Assigned task: What is needed is an exact copy of the lines in the listing below, from the one with "Cutler West M777" up to and including the one with "Universal Fit Breathable", with no other lines.
+-------+
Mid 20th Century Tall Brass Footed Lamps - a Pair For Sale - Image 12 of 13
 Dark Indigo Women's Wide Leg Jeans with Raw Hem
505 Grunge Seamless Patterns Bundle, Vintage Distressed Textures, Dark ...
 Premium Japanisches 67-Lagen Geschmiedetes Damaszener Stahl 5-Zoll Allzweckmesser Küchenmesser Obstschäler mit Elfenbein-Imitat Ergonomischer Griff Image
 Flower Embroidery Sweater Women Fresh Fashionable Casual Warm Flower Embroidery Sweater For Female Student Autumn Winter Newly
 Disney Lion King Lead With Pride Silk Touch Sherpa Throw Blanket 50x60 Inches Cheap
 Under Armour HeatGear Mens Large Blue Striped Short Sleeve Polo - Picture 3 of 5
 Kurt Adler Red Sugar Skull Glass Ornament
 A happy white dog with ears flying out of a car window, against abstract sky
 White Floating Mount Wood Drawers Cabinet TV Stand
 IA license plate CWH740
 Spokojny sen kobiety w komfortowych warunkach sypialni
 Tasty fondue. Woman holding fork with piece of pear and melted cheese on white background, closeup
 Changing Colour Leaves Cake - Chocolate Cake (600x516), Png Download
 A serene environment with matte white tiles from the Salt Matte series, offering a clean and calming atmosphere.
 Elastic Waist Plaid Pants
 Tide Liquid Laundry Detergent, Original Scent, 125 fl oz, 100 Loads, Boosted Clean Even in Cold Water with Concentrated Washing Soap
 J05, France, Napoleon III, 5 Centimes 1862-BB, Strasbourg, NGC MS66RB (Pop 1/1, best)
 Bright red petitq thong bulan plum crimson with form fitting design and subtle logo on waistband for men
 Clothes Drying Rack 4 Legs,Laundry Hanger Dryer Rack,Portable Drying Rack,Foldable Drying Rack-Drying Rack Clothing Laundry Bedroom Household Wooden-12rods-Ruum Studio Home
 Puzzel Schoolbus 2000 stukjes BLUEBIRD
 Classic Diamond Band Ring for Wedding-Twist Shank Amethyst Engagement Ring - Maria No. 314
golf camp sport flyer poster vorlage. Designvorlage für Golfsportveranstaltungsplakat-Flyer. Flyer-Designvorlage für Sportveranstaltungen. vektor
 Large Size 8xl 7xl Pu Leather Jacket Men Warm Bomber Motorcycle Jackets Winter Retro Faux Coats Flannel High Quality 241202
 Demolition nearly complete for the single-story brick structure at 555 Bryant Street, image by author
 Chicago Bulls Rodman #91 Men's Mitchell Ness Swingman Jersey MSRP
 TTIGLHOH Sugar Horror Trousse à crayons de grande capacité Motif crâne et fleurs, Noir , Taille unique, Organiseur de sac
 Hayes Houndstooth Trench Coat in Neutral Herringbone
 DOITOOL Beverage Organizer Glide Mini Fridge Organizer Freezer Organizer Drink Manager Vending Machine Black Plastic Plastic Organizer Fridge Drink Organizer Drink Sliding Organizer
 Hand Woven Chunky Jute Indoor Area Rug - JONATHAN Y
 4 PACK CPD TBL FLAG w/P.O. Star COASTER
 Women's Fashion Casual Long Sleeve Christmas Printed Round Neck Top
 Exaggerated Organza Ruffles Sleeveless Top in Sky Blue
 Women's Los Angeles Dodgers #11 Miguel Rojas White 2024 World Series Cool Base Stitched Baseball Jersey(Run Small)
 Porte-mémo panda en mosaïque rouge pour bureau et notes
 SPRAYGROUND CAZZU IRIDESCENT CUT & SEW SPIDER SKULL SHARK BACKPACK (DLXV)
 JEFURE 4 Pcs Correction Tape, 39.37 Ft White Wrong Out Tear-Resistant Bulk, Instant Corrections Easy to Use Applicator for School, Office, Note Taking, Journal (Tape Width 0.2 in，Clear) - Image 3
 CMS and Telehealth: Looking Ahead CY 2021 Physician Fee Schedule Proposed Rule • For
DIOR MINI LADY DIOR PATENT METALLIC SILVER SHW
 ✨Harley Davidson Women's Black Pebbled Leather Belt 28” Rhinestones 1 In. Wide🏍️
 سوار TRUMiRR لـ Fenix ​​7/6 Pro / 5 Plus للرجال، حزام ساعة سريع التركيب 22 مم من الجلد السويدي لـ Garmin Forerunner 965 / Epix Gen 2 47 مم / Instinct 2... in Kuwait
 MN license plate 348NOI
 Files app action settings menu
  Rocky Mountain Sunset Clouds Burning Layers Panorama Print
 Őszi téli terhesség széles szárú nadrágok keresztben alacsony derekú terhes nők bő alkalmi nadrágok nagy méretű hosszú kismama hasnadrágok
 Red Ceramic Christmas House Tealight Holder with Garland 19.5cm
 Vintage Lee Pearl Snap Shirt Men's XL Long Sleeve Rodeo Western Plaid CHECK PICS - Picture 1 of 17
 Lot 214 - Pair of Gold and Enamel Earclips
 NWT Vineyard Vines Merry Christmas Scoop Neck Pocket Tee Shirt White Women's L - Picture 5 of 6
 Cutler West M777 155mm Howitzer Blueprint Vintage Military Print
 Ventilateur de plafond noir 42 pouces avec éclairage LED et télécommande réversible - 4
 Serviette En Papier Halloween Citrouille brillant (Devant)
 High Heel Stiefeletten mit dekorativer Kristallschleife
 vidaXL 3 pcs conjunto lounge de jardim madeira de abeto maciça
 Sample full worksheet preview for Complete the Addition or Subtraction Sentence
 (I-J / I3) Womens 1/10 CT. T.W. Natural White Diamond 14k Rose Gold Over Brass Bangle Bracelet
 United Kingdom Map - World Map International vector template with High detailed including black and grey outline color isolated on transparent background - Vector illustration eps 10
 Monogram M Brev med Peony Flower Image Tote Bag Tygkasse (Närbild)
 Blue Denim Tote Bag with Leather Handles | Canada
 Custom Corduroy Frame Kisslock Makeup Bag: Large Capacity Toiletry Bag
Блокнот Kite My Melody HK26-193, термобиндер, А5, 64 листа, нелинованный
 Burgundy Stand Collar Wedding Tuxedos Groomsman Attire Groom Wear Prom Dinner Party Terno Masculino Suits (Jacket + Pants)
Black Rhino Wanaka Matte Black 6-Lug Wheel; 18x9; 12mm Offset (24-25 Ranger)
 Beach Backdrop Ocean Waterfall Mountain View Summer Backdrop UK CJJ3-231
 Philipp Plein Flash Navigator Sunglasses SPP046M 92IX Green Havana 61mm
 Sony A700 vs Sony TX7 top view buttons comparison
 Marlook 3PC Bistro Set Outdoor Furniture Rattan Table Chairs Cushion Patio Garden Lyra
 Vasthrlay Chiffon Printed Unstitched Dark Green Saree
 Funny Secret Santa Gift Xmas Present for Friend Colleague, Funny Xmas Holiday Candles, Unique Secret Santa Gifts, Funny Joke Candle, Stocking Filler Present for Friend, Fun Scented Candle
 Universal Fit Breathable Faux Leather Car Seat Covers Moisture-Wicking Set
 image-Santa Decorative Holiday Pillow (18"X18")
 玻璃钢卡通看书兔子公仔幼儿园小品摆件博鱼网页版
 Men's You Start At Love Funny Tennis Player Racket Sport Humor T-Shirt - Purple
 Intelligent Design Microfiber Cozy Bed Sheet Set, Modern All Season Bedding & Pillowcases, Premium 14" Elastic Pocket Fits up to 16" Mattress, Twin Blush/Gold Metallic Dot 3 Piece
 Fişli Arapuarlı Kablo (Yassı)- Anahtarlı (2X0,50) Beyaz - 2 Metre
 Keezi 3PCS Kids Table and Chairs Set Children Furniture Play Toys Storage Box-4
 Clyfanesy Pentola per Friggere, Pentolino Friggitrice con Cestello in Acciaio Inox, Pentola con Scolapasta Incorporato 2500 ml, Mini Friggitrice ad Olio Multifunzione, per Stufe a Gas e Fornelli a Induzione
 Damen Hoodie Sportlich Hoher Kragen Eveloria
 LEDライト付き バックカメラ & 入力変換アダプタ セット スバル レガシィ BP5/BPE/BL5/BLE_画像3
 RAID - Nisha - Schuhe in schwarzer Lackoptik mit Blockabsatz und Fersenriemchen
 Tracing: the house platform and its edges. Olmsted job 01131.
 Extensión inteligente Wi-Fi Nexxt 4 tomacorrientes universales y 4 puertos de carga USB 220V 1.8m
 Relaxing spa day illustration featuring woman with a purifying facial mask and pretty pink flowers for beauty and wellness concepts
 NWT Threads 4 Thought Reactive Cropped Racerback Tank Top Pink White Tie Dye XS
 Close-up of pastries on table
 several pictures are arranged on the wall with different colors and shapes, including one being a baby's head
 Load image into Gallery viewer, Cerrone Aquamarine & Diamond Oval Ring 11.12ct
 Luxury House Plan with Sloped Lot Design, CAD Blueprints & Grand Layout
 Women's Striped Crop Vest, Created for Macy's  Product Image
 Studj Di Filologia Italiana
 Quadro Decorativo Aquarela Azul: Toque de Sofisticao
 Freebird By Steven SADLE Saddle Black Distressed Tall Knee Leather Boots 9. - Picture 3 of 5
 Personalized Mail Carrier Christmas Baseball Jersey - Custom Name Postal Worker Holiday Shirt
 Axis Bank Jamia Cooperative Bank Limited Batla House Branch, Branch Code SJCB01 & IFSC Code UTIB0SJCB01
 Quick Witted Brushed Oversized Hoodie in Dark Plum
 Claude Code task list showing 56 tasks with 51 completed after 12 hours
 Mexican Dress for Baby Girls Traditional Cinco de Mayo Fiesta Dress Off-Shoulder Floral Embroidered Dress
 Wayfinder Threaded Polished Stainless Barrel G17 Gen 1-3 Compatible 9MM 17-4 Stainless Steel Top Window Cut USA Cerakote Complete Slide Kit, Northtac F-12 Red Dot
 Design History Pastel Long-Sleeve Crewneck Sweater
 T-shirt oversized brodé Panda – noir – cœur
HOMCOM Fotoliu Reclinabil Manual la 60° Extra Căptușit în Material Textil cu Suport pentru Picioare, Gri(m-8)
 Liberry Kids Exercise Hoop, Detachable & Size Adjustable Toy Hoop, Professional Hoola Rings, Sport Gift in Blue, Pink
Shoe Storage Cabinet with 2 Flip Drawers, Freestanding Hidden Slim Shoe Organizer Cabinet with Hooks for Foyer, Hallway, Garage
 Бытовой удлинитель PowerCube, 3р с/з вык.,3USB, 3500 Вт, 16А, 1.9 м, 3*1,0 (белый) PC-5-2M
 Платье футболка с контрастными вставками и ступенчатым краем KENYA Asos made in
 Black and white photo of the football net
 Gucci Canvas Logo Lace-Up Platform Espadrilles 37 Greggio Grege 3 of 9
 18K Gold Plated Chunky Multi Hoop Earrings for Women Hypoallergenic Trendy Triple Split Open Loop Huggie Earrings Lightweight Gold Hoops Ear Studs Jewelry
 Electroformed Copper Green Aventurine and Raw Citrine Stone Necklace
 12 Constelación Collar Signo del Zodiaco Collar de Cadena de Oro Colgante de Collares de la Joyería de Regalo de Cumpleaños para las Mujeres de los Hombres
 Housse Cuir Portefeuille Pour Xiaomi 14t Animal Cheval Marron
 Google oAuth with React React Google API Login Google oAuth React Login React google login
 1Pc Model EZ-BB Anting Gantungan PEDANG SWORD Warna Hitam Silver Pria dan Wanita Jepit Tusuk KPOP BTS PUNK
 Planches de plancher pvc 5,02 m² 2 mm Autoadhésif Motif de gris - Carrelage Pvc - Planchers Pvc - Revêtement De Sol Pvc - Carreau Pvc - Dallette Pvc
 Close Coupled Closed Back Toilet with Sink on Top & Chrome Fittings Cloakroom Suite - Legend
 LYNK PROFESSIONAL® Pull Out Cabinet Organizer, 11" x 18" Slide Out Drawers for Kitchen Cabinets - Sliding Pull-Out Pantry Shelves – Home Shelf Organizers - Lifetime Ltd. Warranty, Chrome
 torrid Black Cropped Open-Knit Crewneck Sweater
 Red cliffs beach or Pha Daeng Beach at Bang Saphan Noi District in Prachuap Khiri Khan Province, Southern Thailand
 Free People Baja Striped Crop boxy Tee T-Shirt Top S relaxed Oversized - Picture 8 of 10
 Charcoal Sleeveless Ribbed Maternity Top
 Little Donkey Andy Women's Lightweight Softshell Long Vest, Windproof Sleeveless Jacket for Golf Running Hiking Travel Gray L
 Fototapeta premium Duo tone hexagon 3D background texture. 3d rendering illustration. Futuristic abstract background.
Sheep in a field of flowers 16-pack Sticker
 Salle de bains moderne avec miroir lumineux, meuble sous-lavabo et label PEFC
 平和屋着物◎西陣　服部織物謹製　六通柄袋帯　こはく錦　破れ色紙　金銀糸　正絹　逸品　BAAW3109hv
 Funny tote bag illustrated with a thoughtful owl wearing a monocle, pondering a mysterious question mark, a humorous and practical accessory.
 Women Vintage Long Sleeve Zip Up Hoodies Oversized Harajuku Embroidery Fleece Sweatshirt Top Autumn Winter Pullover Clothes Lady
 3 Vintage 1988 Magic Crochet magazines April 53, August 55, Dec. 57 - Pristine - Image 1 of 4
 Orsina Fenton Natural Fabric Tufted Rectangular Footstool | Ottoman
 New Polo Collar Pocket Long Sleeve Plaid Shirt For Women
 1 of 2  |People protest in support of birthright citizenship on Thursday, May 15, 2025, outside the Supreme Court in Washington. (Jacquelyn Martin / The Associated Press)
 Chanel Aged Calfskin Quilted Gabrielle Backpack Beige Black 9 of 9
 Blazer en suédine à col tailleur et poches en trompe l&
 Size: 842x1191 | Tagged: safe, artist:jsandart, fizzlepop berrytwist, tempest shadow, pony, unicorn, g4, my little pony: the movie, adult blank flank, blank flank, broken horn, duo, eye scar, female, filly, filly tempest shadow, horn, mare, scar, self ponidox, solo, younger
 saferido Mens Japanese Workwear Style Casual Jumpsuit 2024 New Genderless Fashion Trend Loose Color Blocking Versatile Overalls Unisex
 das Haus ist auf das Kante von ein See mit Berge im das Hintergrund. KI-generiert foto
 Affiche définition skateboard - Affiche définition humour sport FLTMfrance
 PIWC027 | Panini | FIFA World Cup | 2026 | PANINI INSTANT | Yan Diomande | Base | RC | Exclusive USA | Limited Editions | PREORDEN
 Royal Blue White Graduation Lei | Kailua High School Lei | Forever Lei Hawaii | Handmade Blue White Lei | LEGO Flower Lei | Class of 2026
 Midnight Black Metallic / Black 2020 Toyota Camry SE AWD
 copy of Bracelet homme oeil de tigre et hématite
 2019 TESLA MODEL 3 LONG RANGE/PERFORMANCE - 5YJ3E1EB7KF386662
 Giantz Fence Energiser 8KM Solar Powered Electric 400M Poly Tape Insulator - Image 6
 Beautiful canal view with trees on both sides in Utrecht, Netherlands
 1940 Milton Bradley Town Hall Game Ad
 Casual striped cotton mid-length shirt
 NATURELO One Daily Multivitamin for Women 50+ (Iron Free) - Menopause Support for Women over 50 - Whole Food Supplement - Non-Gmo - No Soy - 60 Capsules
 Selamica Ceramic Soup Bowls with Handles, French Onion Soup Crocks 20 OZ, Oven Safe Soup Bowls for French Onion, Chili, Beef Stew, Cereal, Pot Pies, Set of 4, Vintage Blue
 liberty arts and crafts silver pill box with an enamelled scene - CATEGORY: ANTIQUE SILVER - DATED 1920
+-------+
Task answer:
 Cutler West M777 155mm Howitzer Blueprint Vintage Military Print
 Ventilateur de plafond noir 42 pouces avec éclairage LED et télécommande réversible - 4
 Serviette En Papier Halloween Citrouille brillant (Devant)
 High Heel Stiefeletten mit dekorativer Kristallschleife
 vidaXL 3 pcs conjunto lounge de jardim madeira de abeto maciça
 Sample full worksheet preview for Complete the Addition or Subtraction Sentence
 (I-J / I3) Womens 1/10 CT. T.W. Natural White Diamond 14k Rose Gold Over Brass Bangle Bracelet
 United Kingdom Map - World Map International vector template with High detailed including black and grey outline color isolated on transparent background - Vector illustration eps 10
 Monogram M Brev med Peony Flower Image Tote Bag Tygkasse (Närbild)
 Blue Denim Tote Bag with Leather Handles | Canada
 Custom Corduroy Frame Kisslock Makeup Bag: Large Capacity Toiletry Bag
Блокнот Kite My Melody HK26-193, термобиндер, А5, 64 листа, нелинованный
 Burgundy Stand Collar Wedding Tuxedos Groomsman Attire Groom Wear Prom Dinner Party Terno Masculino Suits (Jacket + Pants)
Black Rhino Wanaka Matte Black 6-Lug Wheel; 18x9; 12mm Offset (24-25 Ranger)
 Beach Backdrop Ocean Waterfall Mountain View Summer Backdrop UK CJJ3-231
 Philipp Plein Flash Navigator Sunglasses SPP046M 92IX Green Havana 61mm
 Sony A700 vs Sony TX7 top view buttons comparison
 Marlook 3PC Bistro Set Outdoor Furniture Rattan Table Chairs Cushion Patio Garden Lyra
 Vasthrlay Chiffon Printed Unstitched Dark Green Saree
 Funny Secret Santa Gift Xmas Present for Friend Colleague, Funny Xmas Holiday Candles, Unique Secret Santa Gifts, Funny Joke Candle, Stocking Filler Present for Friend, Fun Scented Candle
 Universal Fit Breathable Faux Leather Car Seat Covers Moisture-Wicking Set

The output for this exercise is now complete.